The financial world is increasingly divided into have and have-nots. Not only do emerging markets have the growth that developed markets can only wish for, but they also have the huge pools of institutional investment money capable of making long term strategic investments that western pension funds are moving away from.
Curt Custard, head of global investment solutions at UBS Global Asset Management took time out of his Asian business trip to speak to IPA about the differences he sees between western developed markets and the rapidly growing emerging markets, many of which are here in Asia.
While the US and Europe are concerned with deleveraging and preventing too rapid of a slowdown, emerging markets continue to grow and must keep their eye on the temperature gauge to make sure that growth does not occur too rapidly.
Custard says US pension funds are shying away from equities and focused on liability directed investments while the sovereign wealth funds that have become so dominate in Asia and the Middle East are taking a different approach.
“We’re seeing a shift now, away from the dominant investor globally being the institutional defined benefit scheme, which is very common in the west, towards more sovereign wealth funds and the massive growing retail space.”
“It’s incredibly important if you are an asset manager to understand that the needs of this market are different. The client base is different,” Custard adds. “Taking a product out of a US institutional space may not work in this marketplace.”
Sovereign wealth funds are taking longer term, strategic positions while pension funds are limited by regulations from taking on the risk that such investments entail.
“US pension plans, on the corporate side at least, certainly can’t [make longer-term strategic investments],” Custard says. “Even public pension plans are having to rethink some of their older strategies. It’s about melding the fact that you have an old world and a new world, and the new world has different objectives.”

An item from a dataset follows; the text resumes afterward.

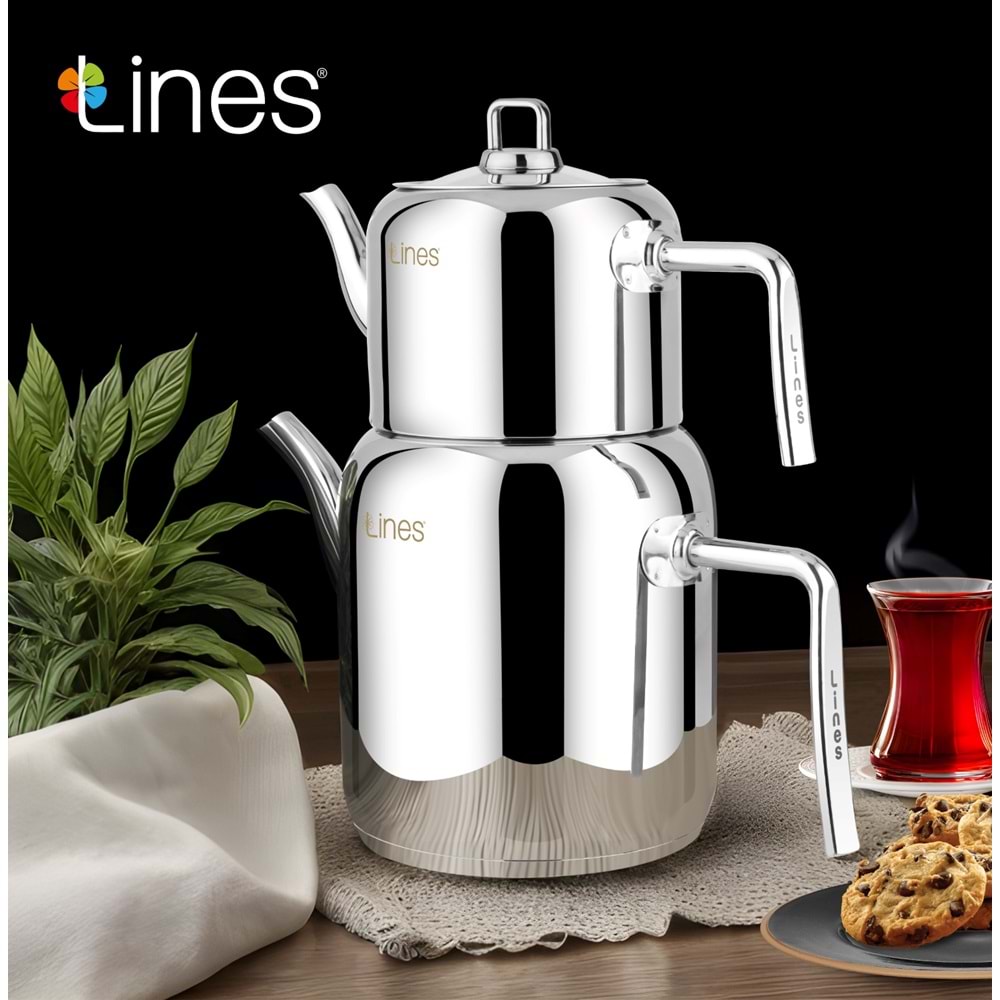 LİNES MERCAN ORTA BOY ÇAYDANLIK METAL KULP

The two disparate economic situations are also being played out on the regulatory field. Regulators in developed economies such as the US, UK and Europe are focused on ensuring the public is protected and that another banking crisis is avoided. The sentiment is regulation was not onerous enough, and governments are moving to address that, putting the squeeze on asset managers.
“Out here, the banking crisis never really hit, but also the level of sophistication in terms of regulation is also changing and is dynamic,” Custard says. “The challenge for us is to be able to finesse how you work with the various entities.”
The growing dominance of sovereign wealth funds, fuelled by the growth of their emerging economy home states, also plays a role in this, especially since in many cases the relationships between the funds and their parent governments are ill-defined or not fully transparent. Custard predicts their influence will only grow over the next decade.
“Sovereign wealth funds have a different scope of regulation than traditional private sector players. They are often very tied up into the highest levels of government. There is probably going to be a day of reckoning someday when there is this huge pool of capital controlled by a relatively small number of people.”